799 posts in 749 days


#15 posted 10-06-2013 01:49 AM

Ok, a bit of clarification here:

I’ve never set it to take 1/4 or 1/2 inch off. My setting has been about just about 1 mm shy of the zero mark on the depth scale. I mention the greater depths because 1/2 inch is only halfway on the depth scale it says it can take off.

As far as my study on jointers…. I read as much information on the web as I could. A book’s equivalent worth. I also posted for assistance on several forums. I also read at least 3 books on jointers. I am not an expert on jointers even so. If I was I would probably have figured out some way to make the thing work properly.
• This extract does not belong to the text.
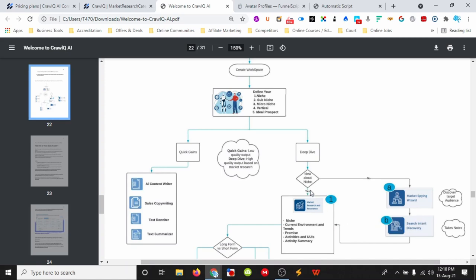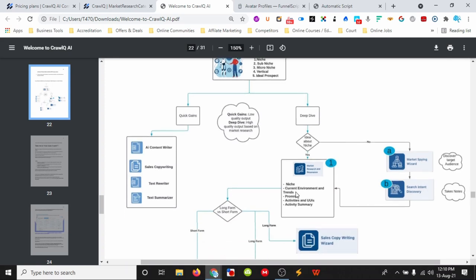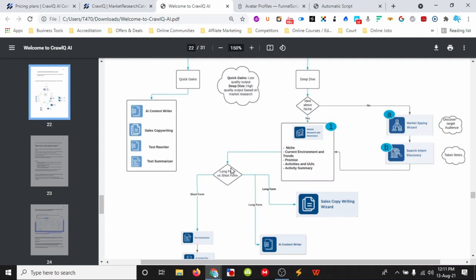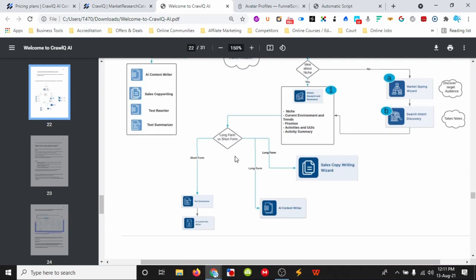If we already know who our target audience is and we've done this research and we're ready to start creating content, we go to the market research renaissance and put it all in. Then we can go into long and short form. In long form we have a sales copy wizard, long-form AI content writing, articles and blogs, and landing pages. In short form we have text summarizers and the AI content writer.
Hence why I said if someone was good with jointers this might be worth a try for that person.

I don’t have an ideology as far as brands go. I don’t have a hate on for Harbor Freight. Quite the opposite, really. I shop there frequently. I think some of their tools are quite good, including some power tools. In many cases I think their price to performance ratio is excellent.

I also don’t have an ideology as far as origin of tools. You can get quality products from China and crap products from elsewhere. And vice versa. This will probably piss off even more people but…. my SawStop is made in Taiwan and I love the thing.
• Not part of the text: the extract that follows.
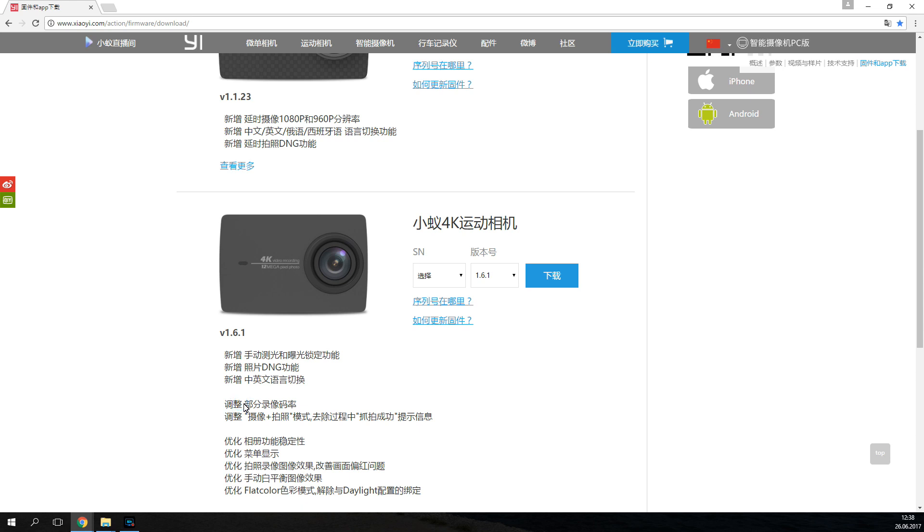They made some changes, so now the camera will support RAW images as well as 4K recording at up to 100 Mbps. And the cool thing now is that with every new firmware, the Chinese version is also going to support English language.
As far as wobbling… no, it doesn’t wobble under the majority of circumstances. It’s one of the good things about it. It’s heavy enough to be steady. The stand was a pain to put together but once assembled it’s been fine.
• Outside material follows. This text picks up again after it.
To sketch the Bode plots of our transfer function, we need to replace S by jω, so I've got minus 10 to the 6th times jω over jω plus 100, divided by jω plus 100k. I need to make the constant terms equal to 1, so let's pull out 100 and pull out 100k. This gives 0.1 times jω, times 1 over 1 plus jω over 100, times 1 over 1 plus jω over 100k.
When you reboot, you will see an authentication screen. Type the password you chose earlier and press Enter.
Harbor Freight still carries it. It’s not listed on the website but you can get it at the store. There are several items listed on the website that are still available. I don’t know why.

As I said I am not a jointer expert. Even so, I learned as much as I could and have put many hours into tweaking, checking, and adjusting the jointer. I sharpened several different sets of blades well beyond 2,500 grit. I am open to the idea that I have screwed something up. But I have tried and tried and tried to get this machine to cooperate.

If someone would be kind enough to come over and help me fiddle the thing into workability I would be most grateful.